Oh that’s horrible. You’ll mak it through it though. You might even find some really creative ways to deal with this. Looking forward to seeing what will come out of this :)
Cece added this comment on Jul 02 08 at 1:42 pm
hahahaha. FANTASTIC NEGOTIATION SKILLS!!!
Vivian added this comment on Jul 02 08 at 8:03 pm
thanks for the comment! :) i truly enjoy your blog and how you tell your ’stories’!

ps: make sure you pick up on that service call… when my gas man called, i didn’t pick up. he didn’t leave a message. and i couldn’t bake for another month. HUURAH.

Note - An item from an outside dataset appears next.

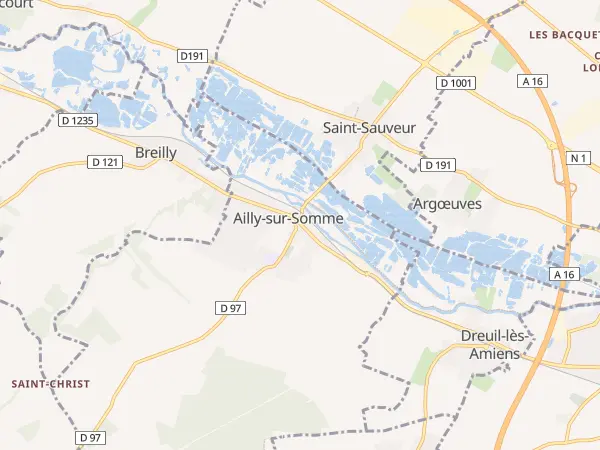 Plan de Ailly-sur-Somme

Jennifer added this comment on Jul 02 08 at 8:37 pm
Thanks for the comment, I really enjoy your writing style too. Oh, how I dream the day that I finally get a gas oven! At least you have the *potential* of getting one, although your road seems rocky from the get-go.
As for the category, I put it down as “Indian influenced” because the dish was originally a botched attempt at a keerma curry that turned out noms-worthy.

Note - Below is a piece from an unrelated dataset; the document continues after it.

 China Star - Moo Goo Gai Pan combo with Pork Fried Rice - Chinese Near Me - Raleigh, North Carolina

ila added this comment on Jul 02 08 at 9:20 pm
Is that the pomegranate water I see on the left?
AppetiteforChina added this comment on Jul 03 08 at 1:56 am
Yeah. I don’t know what I was hanging onto it for, perhaps a lawsuit? I threw it away last night.
Michele Humes added this comment on Jul 03 08 at 7:15 am
woe is you!
atalie added this comment on Jul 06 08 at 10:42 am
…you are more than welcome to come to the land of Queens and take advantage of my under appreciated stove.
atalie added this comment on Jul 06 08 at 10:43 am
I thought you were better than Fresh Direct.
Chewy added this comment on Jul 06 08 at 7:17 pm
Come live on the south end of 5th Ave and then we’ll talk.